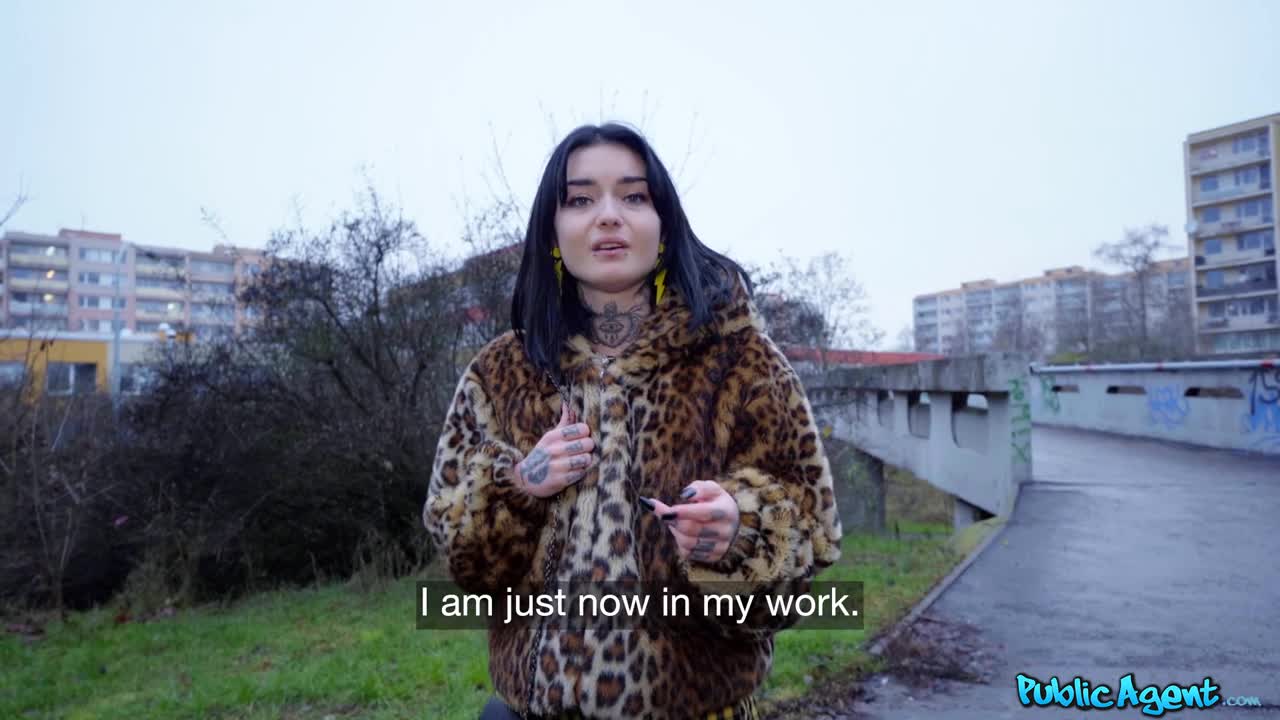 Sexy French student public blowjob (25:23) | ePornFresh.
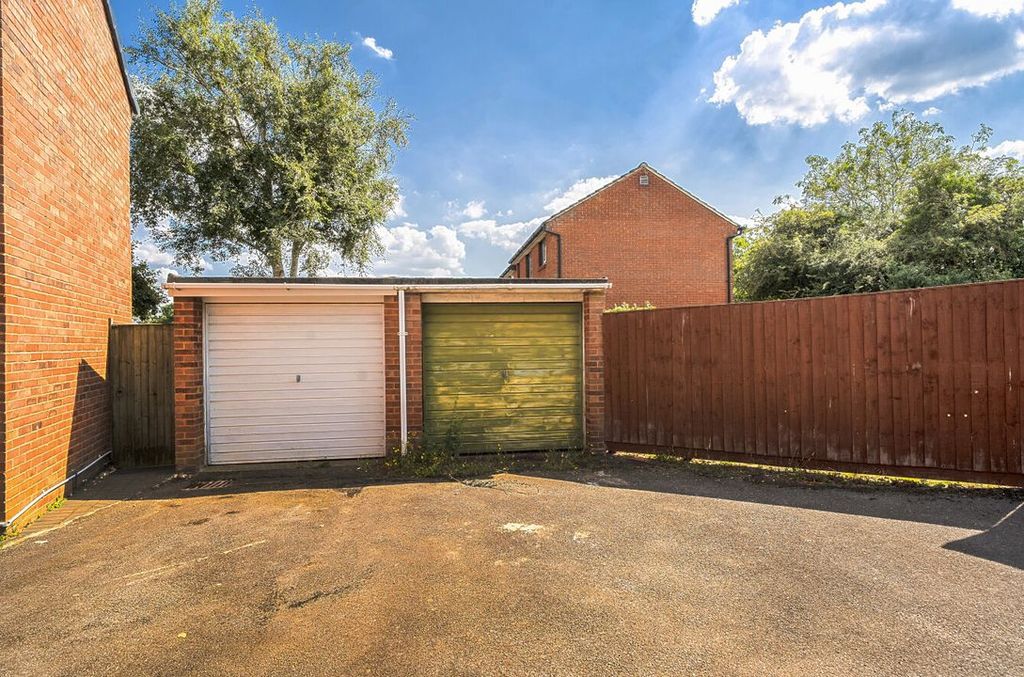 Property photo 3 of 10 14861312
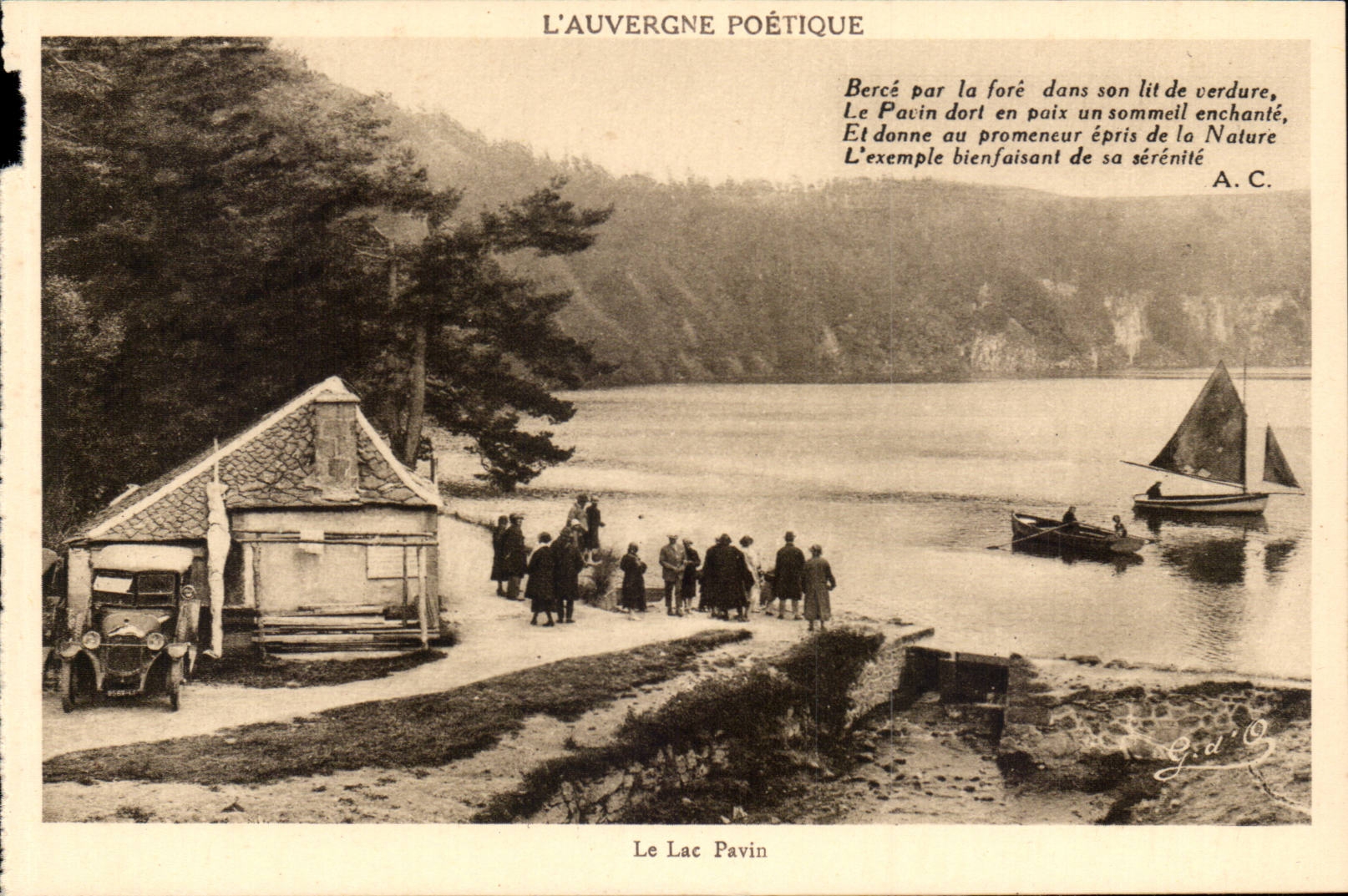 Auvergne CPA Le lac Pavin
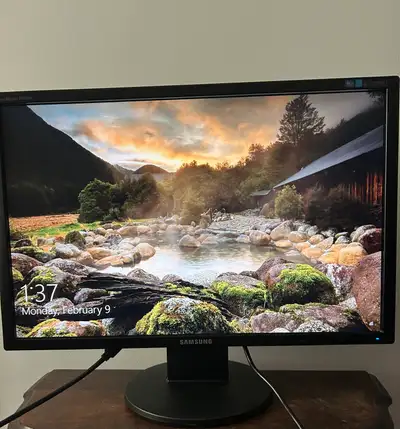 Samsung 24” Monitor , View more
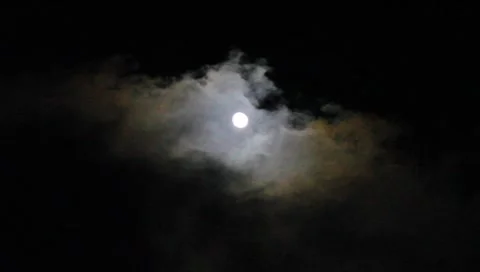 Clouds pass by the full moon (1/6) Vídeos de archivo 7905185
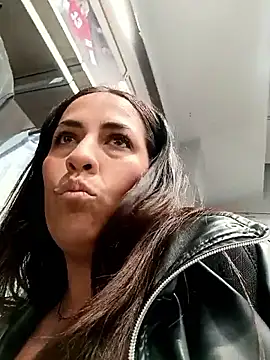 Lena-32 online show from April 18, 2026, 12:03 am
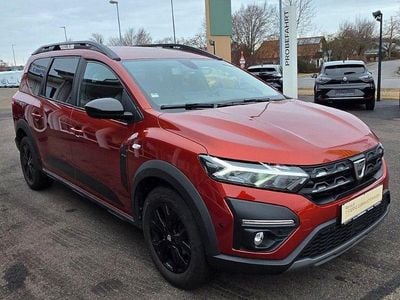 Braun Gebraucht 2022 Dacia Jogger Extreme Van / Kleinbus | 15.990 € (Fairer Preis)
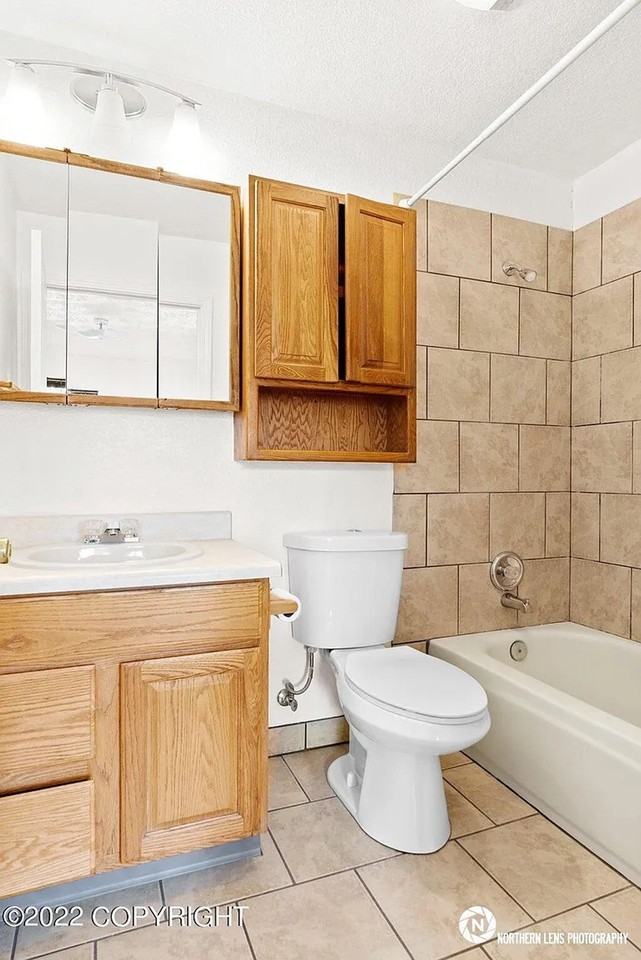 State Street Townhomes - Photo 4 of 12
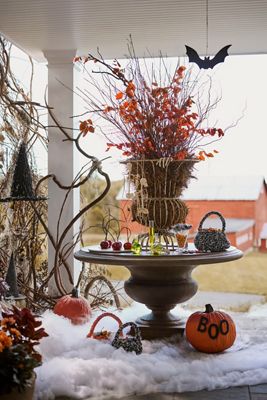 BOO Pumpkin Stake Set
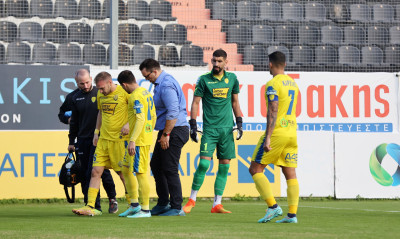 Παναιτωλικός: Τέλος η σεζόν για Μπακάκη - Υπέστη ρήξη χιαστού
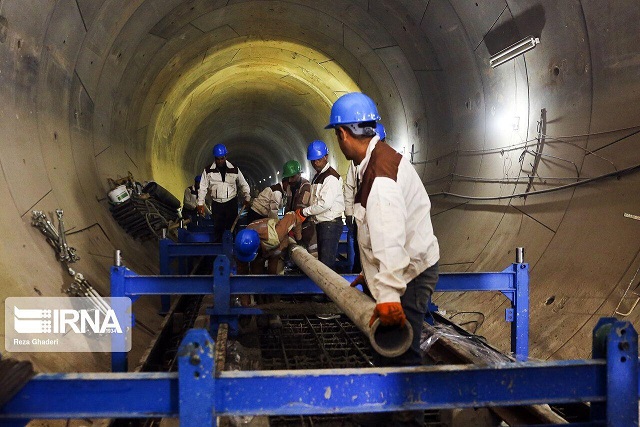 حق مسکن کارگران ۲۰۰ هزارتومان افزایش مییابد حق مسکن کارگران ۲۰۰ هزارتومان افزایش مییابد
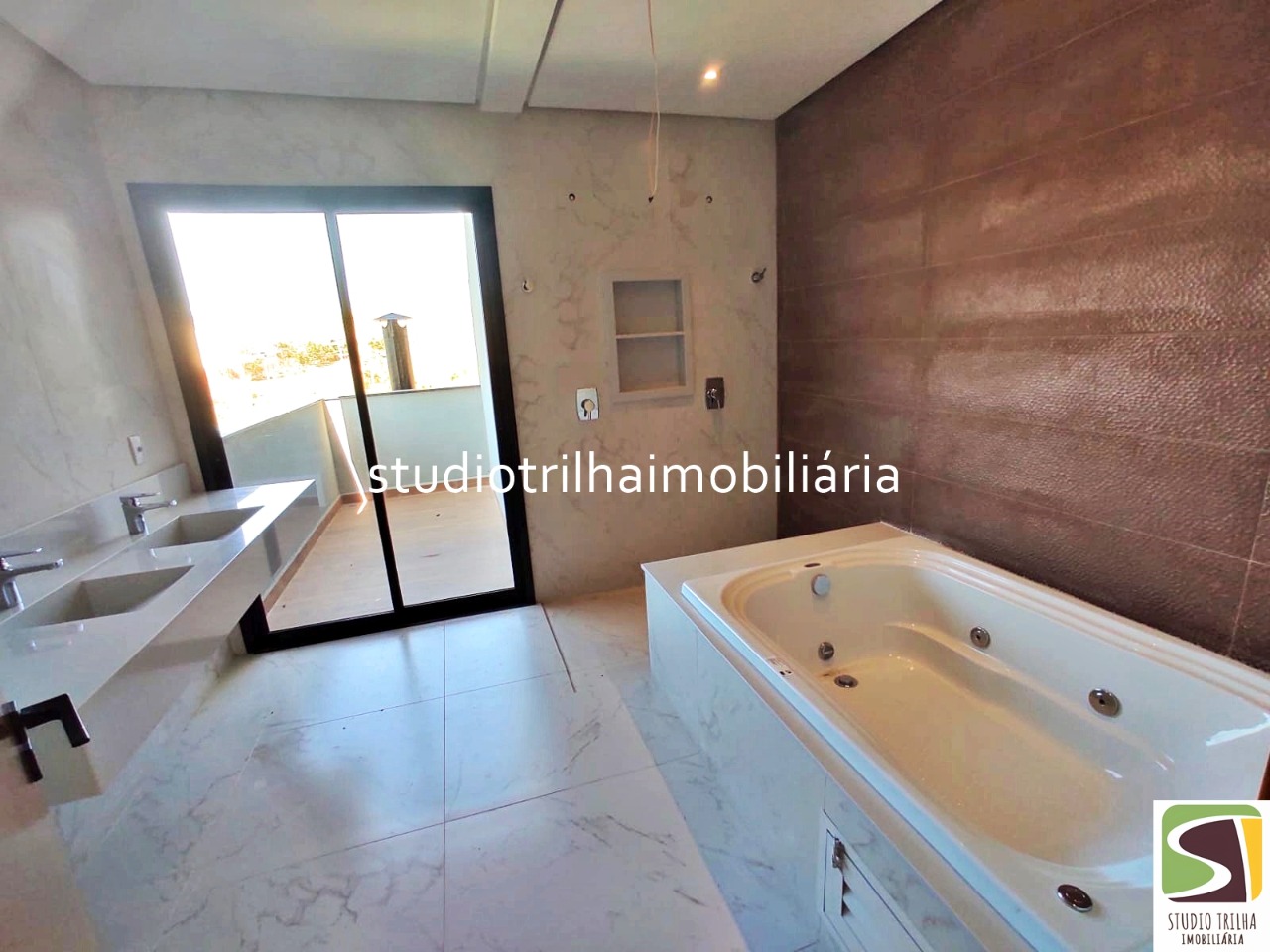 Sobrado Novo no Cond. Mônaco, 350m² com 4 Dormitórios, Varanda Gourmet e Piscina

....

Directions for this task:
Repeat only the lines from the beginning of the material through the line containing "Lena-32 online show", both ends kept, leaving pictures out.

Output:
 Sexy French student public blowjob (25:23) | ePornFresh.
 Property photo 3 of 10 14861312
 Auvergne CPA Le lac Pavin
 Samsung 24” Monitor , View more
 Clouds pass by the full moon (1/6) Vídeos de archivo 7905185
 Lena-32 online show from April 18, 2026, 12:03 am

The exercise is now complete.